Natural and organic cosmetics player Aveda has become one of a handful of cosmetic manufacturers to operate a full packaging recycling program in the United States.
The Full Circle Recycling Program was launched in the country yesterday, ensuring that all Aveda packaging can now be collected at Aveda retail outlets for recycling.
The company says that the intention of the program is to ensure that all of its packaging can be recycled and re-used to make more Aveda packaging, thus in turn avoiding adding to the great strain that overflowing landfills are putting on the environment.
The company has established the program in co-operation with g2 revolution, an Illinois-based recycling management company which is focused on providing recycling for a wide number of packaging materials.
Aveda launches the campaign in 107 stores
Aveda says that its customers will be able to bring in used product packaging to 107 Aveda Experience retails locations across the US, where the packaging will then be sent on to the recycling center in Illinois.

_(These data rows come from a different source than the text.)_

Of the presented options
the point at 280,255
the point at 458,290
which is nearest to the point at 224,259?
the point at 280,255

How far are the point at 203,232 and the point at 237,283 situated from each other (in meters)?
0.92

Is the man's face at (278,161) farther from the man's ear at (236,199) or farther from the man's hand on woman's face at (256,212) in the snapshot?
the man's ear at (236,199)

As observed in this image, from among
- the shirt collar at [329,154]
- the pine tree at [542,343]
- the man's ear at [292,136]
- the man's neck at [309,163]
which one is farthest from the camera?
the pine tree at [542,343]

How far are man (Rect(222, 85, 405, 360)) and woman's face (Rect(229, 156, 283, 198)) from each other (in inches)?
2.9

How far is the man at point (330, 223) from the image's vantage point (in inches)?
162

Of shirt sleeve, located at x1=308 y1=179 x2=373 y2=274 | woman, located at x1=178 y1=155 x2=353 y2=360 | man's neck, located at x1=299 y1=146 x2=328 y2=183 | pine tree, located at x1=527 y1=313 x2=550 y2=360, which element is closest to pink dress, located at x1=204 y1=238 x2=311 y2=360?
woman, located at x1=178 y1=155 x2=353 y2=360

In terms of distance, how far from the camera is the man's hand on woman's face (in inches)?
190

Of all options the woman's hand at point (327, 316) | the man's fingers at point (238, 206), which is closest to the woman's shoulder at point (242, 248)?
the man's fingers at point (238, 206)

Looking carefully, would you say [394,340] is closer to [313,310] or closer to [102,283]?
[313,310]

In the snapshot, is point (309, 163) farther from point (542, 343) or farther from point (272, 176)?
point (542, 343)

The program extends to any type of Aveda packaging, including bottle caps, make-up brushes, tubes and pumps, together with bottles and jars.
The program has been launched following a successful pilot scheme introduced by Aveda in Colorado, from 2011 – 2012, which is said to have re-used approximately 98 percent of the materials that were taken in.
Raising sustainable and eco-friendly credentials
Aveda has long prided itself on impeccably high standards of ingredients, the vast majority of which are naturally derived and sourced, and a significant amount of which are also organic.
The new recycling program now takes the company’s natural and eco-friendly credentials one step higher, tapping into the concerns of some of the more eco-conscious consumers that their products have the lowest possible carbon footprint.
Most of Aveda’s packaging is already 100 percent recyclable, so the company’s new recycling scheme is an attempt to put the icing on the cake of its sustainable credentials. The only major challenge will be to encourage and ensure that its consumers participate in the scheme.
Origins broke the mold back in 2009 with its recycling campaign
Other companies that have launched similar campaigns have included Estee Lauder-owned natural beauty brand Origins, which introduced a scheme to recycle all of the packaging for its range of cosmetic products together with those of competitors in 2009.
It now accepts all empty cosmetic tubes, bottles and jars, regardless of who manufactured them, at any Origins stand-alone or department store.
All returned packaging is then be sent to a recycling centre, where it is either used for energy recovery or recycled into new materials.